My short time with short term planning

Up until this point, I think most of my planning has been about the long-range goal. Sure, there have been short-term goals, too – things like ‘complete Lego Batman to 100 per cent’ and ‘make sure I cut my toe nails’ have their place on any reasonable to-do list.

But at most points in my life, there has been some overarching goal. Get good grades so I can go to university. Go to university so I can learn a lot and become a productive member of society. Get a career and rise the ranks. You know, normal stuff. And for each of those goals, there has been some translation to my day-to-day activities, like ‘study for that test’ or ‘show your face in the office.’

Now, with work done, the house essentially set up, my husband comfortably settled into his new job, and days (or, shudder, weeks) away from baby arriving, I’m in a weird, short-term limbo.

I’m a goal-oriented person. I like to have tasks. I like to feel useful. Sometimes, I even like being useful. So I don’t just want to sit around and do nothing, as the books and websites suggest I do.

“Take this time to relax – you won’t get the chance after baby comes!”

True, but I also won’t get the chance to organize that closet or touch-up the paint around that window. Wouldn’t it be better to do those things?
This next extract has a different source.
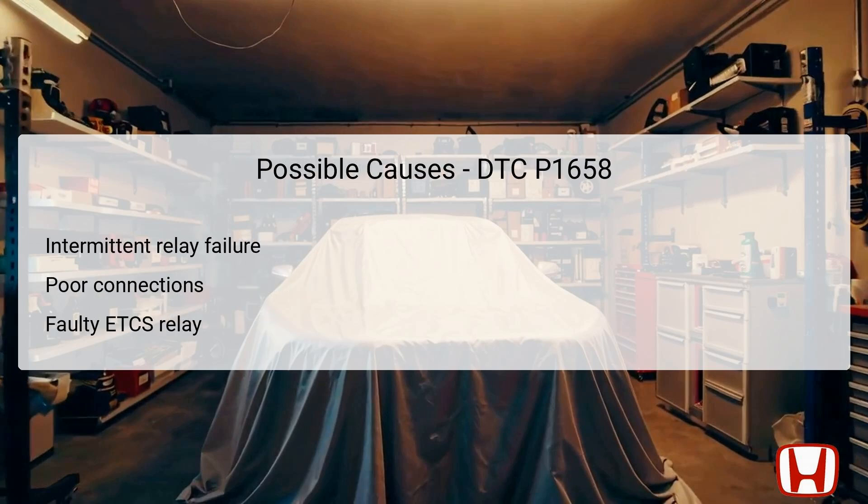When diagnosing DTC P1658, several potential causes must be examined. An intermittent failure in the relay itself may occur, which can be challenging to identify during standard testing procedures since the system may appear fine at times. Additionally, poor electrical connections or loose terminals between the ETCS control relay and the PCM can inhibit proper communication and function. The ETCS relay itself may also simply be faulty, necessitating testing or replacement. It's essential to check each of these components methodically to discover hidden faults. This thorough approach allows technicians to isolate the exact nature of the issue while ensuring no critical part of the system is overlooked.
The result is that I’m sure people who work in the stores around town are sick of seeing me. Every day, I cook or prep one more batch of food to go in the freezer to thaw and eat after baby gets here. Sure, I could go in today and buy all the ingredients to do a meal a day for seven days, but what happens to that food if I go into labour today? That would be a waste.  And sure, I could go to the hardware store and buy the tools I need to hang that mirror and install that shelving unit and organize that closet, but if I have those things laying around and they don’t get done (because baby shows up), I’m going to feel super guilty. If, on the other hand, there is not a readily available solution, it’s probably fine the way it is for the next few months.
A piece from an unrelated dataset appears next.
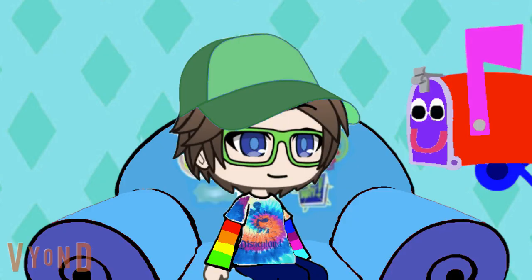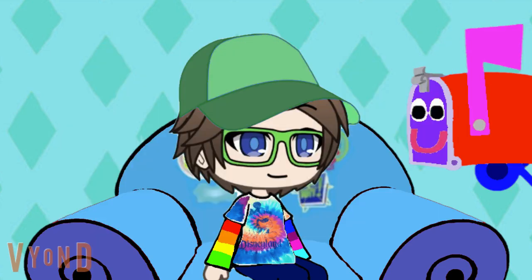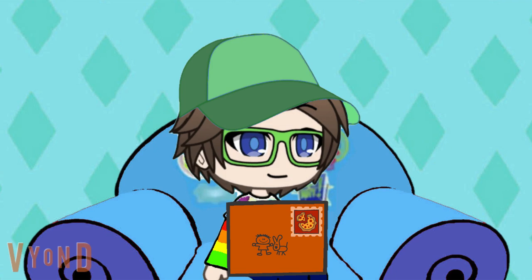Hey Justin, I got 27 stamps in my stamp collection. Check it out. Oh wow! That's quite a stamp collection you have there, Tom. Pretty impressive. Thanks. And I'll have another one to add in later. Here's your letter. Thanks Tom. We just got a letter.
That’s how I’ve planned my life. Right now, each day, I have one food goal, one organizational or decorating goal, and one room-cleaning goal, none of which are really tied to anything bigger.

And that makes me uneasy.

So I’ve added an overarching goal, too: make sure the couch is broken in with frequent naps. That, I’m sure, will serve us well in the long run.



Pregnancy: expectations and reality

One of the first things I did after seeing those two pink lines on the pee stick was go and buy a jar of pickles. From what I understood, it would be a very necessary tool in the following several months to satisfy the hunger cravings that would inevitably come my way.

But here we are, 34 weeks later, and that jar remains unopened – and not just because I’m too weak to open it.

It turns out I'm not the only one who's made this mistake.

It turns out I’m not the only one who’s made this mistake.

Perhaps I’m a rather atypical pregnant woman, but I have actually found that a lot of the things I thought I knew about pregnancy – including some of the “What I really wants” from this amusing Venn diagram – have just been downright wrong. And at 38.5 weeks pregnant, I now feel like I’m in a place to discuss my experience with some of these expectations of pregnant ladies.


Besides the need for pickles, I was under the impression that I, like every pregnant lady depicted in the media, would at some point wake my husband up at 3 a.m. with an outrageous demand – “Honey, I need you to find me chicken fingers and dip them in melted chocolate. And I also need a wheel of cheese. Don’t ask questions.”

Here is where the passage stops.